Gropius's Dream of "Total Art"—The Bauhaus's Pursuit of Comprehensive Design
What did Walter Gropius, the founder of the Bauhaus, dream of? He championed the idea of "Gesamtkunstwerk" (total work of art) – an ideal of integrally designing every aspect of a living space, from furniture, lighting, and textiles to cutlery, with architecture at its apex.
Where did this dream come from, and what did it change? Tracing the figure of Gropius reveals the core of the Bauhaus.
Peter Behrens' Office – Where Three Giants Met
Around 1907, and for several years thereafter, three young men who would later shape 20th-century architecture successively worked at Peter Behrens' design office in Berlin: Walter Gropius, Mies van der Rohe, and Le Corbusier.
As the artistic consultant for AEG (Germany's largest electrical manufacturer), Behrens was responsible for everything from factory architecture to product design and logos. He was a pioneer of what we now call "total brand design." Here, Gropius absorbed the conviction that "architecture and industrial production are intrinsically one."
In 1911, Gropius, now independent, designed the Fagus Factory (Lower Saxony) with Adolf Meyer. By recessing the columns inside the building and creating a curtain wall with glass corners – a method often called the "dematerialization" of the wall – this approach was directly inherited by the later Dessau Bauhaus building. This building was inscribed as a UNESCO World Heritage Site in 2011.
From Wagner to Gropius – The Democratization of "Total Art"
The concept of "Gesamtkunstwerk" (total work of art) was originally proposed by the composer Richard Wagner in 1849. It envisioned a multi-sensory experience integrating music, drama, visual arts, and architecture. For Wagner, this took place in a privileged space like the Bayreuth Festspielhaus, and the audience was also a select few.

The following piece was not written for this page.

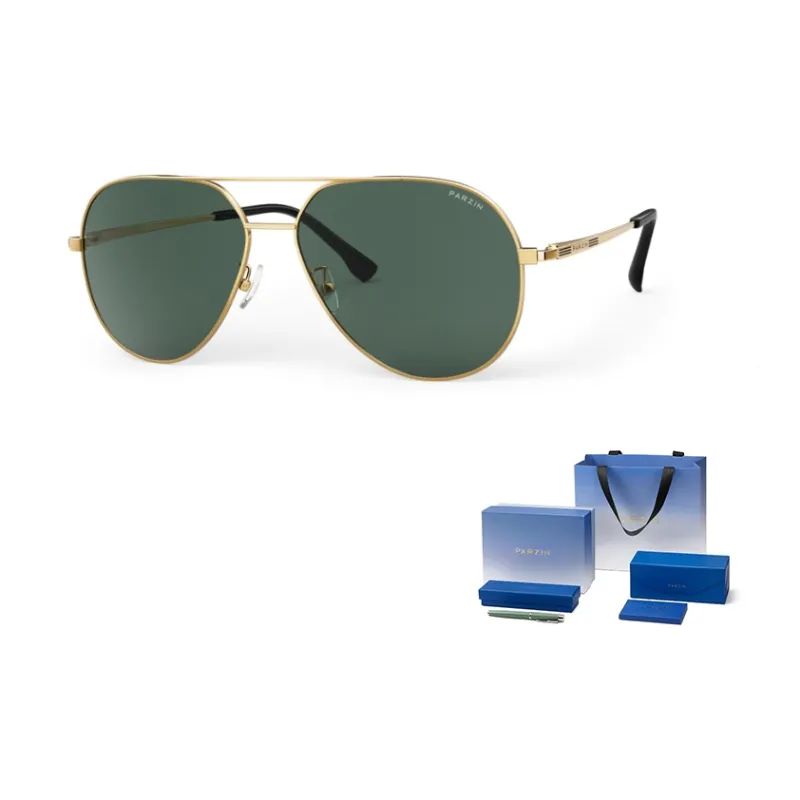 PARZIN Aviator Ink Lenses Men's-13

Gropius fundamentally reinterpreted this concept. Instead of individual creations by genius artists, he envisioned integrated design realized through the collaboration of craftspeople. Instead of privileged spaces like theaters, it would encompass homes and everyday objects where everyone lived. Gropius's "total art" democratized Wagner's romantic ideal and brought it into the realm of the everyday.
The Medieval Craftsmen Summoned by the Manifesto
In April 1919, Gropius published the Bauhaus Manifesto. The cover featured a woodcut of a Gothic cathedral by Lyonel Feininger.

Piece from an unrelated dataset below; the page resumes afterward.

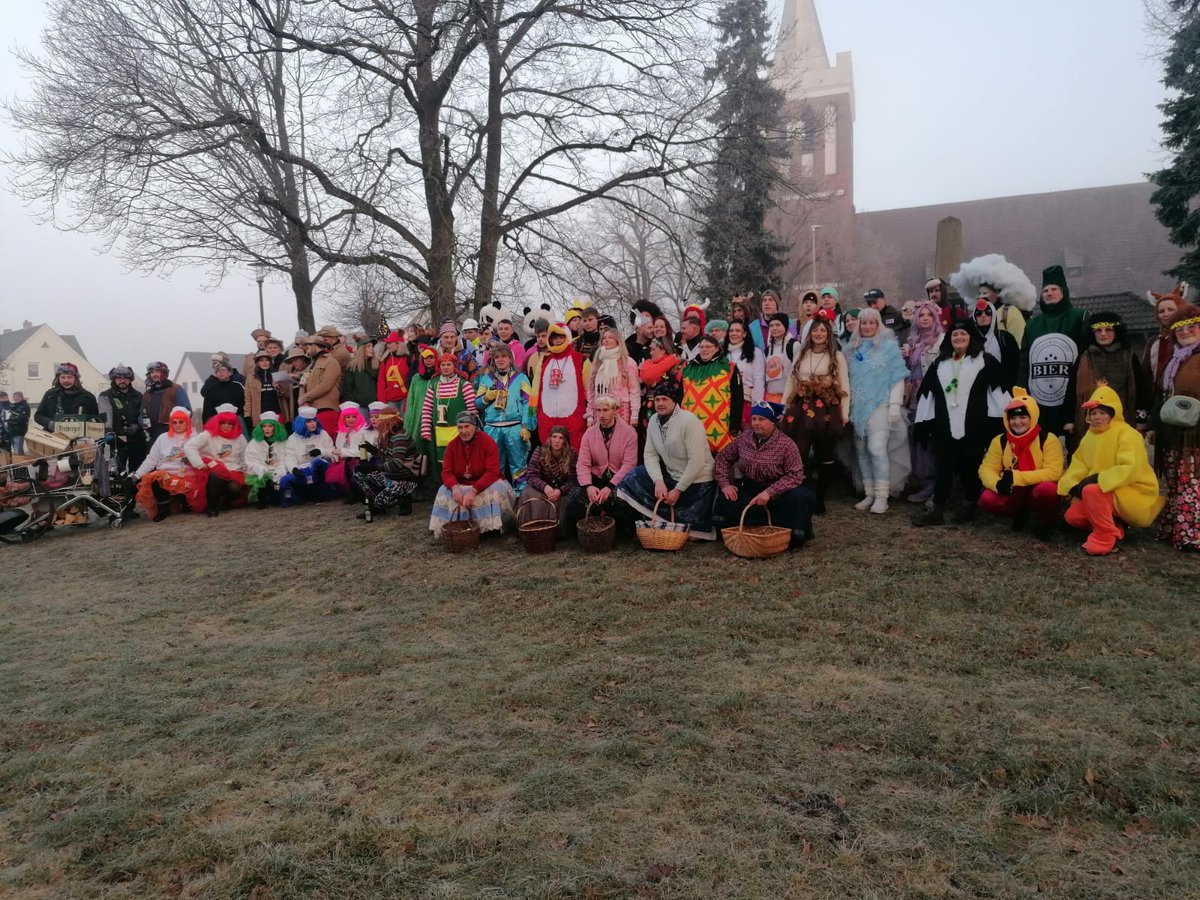 Zampern in Werben (Spreewald)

The school's name "Bauhaus" itself is a play on "Bauhütte" (building hut). Medieval German cathedral construction sites had guildhuts where stonemasons, carpenters, sculptors, and glassmakers gathered to pass on their skills. Gropius consciously referenced this medieval craft community, declaring, "There is no essential difference between artists and craftsmen," and "Let's create a new guild of craftsmen."

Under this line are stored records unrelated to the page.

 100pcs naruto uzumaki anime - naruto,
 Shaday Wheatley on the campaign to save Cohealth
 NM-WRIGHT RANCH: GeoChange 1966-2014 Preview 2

The core phrase of the manifesto was: "The ultimate goal of all visual arts is the complete building." It wasn't about worshipping architecture as an isolated art form, but rather arguing that all crafts and design should collaborate towards architecture as a unified whole.
Haus am Horn: An Experiment
In 1923, the Bauhaus held a major exhibition in Weimar titled "Art and Technology – A New Unity." The highlight of this exhibition was an experimental house called "Haus am Horn."
Designed by Bauhaus master Georg Muche, it featured a rational plan with a central living room with high windows, surrounded by smaller functional rooms, all within a square footprint. Construction took a mere three months.
This house is significant because it was the first instance where all Bauhaus workshops collaborated on a single building. Marcel Breuer's furniture workshop created the living room furniture, the weaving workshop supplied the carpets, and the metal workshop provided the lighting. It was the first concrete manifestation of the "architecture as a total work of art" that Gropius had proclaimed in his manifesto.
From Craft to Machine – The Transformation of 1923
The 1919 manifesto carried a certain nostalgia for the Middle Ages. However, the 1923 exhibition slogan, "Art and Technology – A New Unity," signaled a clear shift in direction.
Several factors contributed to this change. The reality that mass production of handcrafted goods was financially unsustainable. The industrial-oriented ideas brought in by teachers influenced by constructivism, such as Moholy-Nagy, who joined in 1923. And the deepening of Gropius's own reflections – a departure from the romanticism that viewed machine production as "inferior."
Gropius stated: "The workshop is a laboratory for developing and improving prototypes." This was a redefinition of the Bauhaus's role, transcending the dichotomy between handcraft and machine to design high-quality prototypes. Without this transformation, the Bauhaus's ideas would not have been able to connect with 20th-century industrial design.